Law-making belongs to parliament where elected representatives can be voted out if the public disagrees with them.
Supporters of judicial activism argue that judges must adapt the law to changing social values. However, judicial creativity undermines certainty. Both citizens and governments need to know that laws will be interpreted according to established principles rather than the personal philosophies of individual judges.
In 2026, the New South Wales Court of Appeal struck down anti-protest laws introduced after the Bondi Beach terror attack, the court holding that the legislation “impermissibly burdened” the implied constitutional freedom of political communication.
While the ruling was praised by civil liberties groups, the reality is that judges were intruding into inherently political matters involving public safety and protest regulation.
Law-making belongs to parliament where elected representatives can be voted out if the public disagrees with them.
During protests surrounding the 2026 visit of Israeli President Isaac Herzog to Sydney, NSW courts initially upheld expanded police powers restricting demonstrations, accepting the government’s argument that the measures were necessary for public safety.
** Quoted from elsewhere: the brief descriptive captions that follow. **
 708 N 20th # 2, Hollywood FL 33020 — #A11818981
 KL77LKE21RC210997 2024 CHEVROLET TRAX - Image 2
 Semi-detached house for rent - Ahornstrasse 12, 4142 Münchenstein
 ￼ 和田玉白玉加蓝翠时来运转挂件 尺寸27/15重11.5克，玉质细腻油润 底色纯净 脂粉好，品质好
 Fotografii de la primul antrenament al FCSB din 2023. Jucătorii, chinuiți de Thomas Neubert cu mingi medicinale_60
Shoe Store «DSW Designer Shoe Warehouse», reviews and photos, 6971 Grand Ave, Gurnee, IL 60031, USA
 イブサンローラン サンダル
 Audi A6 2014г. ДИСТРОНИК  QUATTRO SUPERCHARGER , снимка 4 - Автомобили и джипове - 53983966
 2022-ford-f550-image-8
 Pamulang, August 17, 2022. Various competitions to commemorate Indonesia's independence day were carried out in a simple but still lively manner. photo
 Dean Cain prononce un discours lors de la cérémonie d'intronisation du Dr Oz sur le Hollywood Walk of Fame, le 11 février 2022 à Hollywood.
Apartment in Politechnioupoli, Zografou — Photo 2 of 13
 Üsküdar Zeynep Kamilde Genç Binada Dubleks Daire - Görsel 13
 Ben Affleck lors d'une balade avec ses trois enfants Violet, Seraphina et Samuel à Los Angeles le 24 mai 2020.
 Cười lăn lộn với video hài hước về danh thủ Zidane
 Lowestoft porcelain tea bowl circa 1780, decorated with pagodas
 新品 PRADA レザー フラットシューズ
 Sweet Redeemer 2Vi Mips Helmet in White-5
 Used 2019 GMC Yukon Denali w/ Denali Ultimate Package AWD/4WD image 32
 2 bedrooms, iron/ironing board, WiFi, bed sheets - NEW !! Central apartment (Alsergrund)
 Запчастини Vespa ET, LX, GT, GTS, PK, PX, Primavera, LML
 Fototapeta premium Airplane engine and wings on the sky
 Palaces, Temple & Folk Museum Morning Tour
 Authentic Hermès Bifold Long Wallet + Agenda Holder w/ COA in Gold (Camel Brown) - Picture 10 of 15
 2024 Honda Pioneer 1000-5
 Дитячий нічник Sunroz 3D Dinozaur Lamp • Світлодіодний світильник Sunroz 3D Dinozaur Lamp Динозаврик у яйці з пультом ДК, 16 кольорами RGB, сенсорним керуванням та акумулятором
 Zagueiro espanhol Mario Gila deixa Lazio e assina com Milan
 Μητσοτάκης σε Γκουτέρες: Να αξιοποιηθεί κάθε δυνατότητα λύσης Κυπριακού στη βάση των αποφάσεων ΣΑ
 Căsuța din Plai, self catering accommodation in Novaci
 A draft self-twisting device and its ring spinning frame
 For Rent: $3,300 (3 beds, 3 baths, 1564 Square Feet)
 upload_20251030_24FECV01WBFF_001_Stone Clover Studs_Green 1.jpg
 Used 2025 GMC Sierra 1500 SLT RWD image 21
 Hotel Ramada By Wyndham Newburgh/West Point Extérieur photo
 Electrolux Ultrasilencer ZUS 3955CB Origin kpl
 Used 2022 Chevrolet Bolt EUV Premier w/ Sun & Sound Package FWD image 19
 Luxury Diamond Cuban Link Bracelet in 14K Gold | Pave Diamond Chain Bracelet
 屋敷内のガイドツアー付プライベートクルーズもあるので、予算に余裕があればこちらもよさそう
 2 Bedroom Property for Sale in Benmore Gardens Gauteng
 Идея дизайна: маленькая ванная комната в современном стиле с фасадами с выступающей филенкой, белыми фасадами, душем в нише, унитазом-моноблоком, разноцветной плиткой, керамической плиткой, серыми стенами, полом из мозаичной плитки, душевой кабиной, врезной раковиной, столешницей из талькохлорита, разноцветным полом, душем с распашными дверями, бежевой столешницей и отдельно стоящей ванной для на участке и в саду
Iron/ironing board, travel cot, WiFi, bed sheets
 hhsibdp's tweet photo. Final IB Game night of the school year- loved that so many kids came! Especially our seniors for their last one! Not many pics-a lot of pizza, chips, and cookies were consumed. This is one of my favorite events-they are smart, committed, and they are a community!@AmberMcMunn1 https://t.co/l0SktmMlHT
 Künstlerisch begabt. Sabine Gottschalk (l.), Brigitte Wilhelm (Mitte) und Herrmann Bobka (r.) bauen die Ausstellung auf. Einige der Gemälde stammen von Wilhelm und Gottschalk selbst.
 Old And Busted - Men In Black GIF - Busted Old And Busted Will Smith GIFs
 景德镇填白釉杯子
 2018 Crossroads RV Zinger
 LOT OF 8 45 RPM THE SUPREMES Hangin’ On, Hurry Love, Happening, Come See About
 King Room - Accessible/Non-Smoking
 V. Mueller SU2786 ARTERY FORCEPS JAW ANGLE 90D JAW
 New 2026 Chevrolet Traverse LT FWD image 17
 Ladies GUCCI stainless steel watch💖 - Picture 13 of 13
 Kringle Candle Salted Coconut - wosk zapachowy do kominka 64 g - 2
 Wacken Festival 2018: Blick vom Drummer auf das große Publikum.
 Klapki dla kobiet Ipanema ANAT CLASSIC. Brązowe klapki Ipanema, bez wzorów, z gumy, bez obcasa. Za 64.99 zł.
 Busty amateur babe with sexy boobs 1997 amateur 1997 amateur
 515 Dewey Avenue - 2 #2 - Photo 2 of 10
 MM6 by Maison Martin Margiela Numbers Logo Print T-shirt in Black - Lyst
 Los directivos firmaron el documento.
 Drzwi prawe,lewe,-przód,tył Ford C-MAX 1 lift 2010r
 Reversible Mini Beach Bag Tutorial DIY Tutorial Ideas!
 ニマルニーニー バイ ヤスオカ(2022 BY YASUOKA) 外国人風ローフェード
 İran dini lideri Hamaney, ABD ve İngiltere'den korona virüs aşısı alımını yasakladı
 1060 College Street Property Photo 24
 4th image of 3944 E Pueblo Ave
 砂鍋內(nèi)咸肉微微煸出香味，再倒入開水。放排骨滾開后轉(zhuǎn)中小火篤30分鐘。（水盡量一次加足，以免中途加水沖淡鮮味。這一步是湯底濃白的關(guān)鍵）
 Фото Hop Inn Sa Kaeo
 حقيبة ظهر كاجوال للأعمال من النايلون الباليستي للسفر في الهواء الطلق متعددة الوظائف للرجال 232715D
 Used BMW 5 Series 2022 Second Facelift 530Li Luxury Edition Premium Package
Later, however, broader anti-protest measures were declared unconstitutional. The judges were profoundly influencing political and social disputes.
The problem is, not a single word in the Australian Constitution provides for freedom of political communication. It is entirely, from beginning to end, an invention by the judges of the High Court.
Another example, by the High Court, is its decision in Love v Commonwealth (2020), where it ruled that Aboriginals who are not citizens cannot be considered “aliens” under the Constitution.
The Constitution contains no explicit exception of this kind; the court effectively created a new constitutional category.
There are other cases: for example, the High Court has decided that prisoners serving sentences of three years or less cannot be prevented from voting, while those serving longer sentences can be, despite the Constitution saying no such thing. In another case the High Court decided it, not Parliament, had the power to supervise when electoral rolls must close.
Inevitably the lower courts see the example of the High Court and follow suit, deciding cases according to their individual biases. In the Tickle v Giggle case, for example, it was open to the court to interpret the definition of “gender identity” in the Sex Discrimination Act in a way that did not undermine the rights of women. It chose not to do so.
In the ACCC case against Coles, the court declared that 12 weeks must elapse between reasonable price increases and promotional cuts, if consumers were not to be misled. That ought to be a business decision, not the opinion of a judge. Merely setting out some key principles around honesty, transparency and accountability would have been far more appropriate.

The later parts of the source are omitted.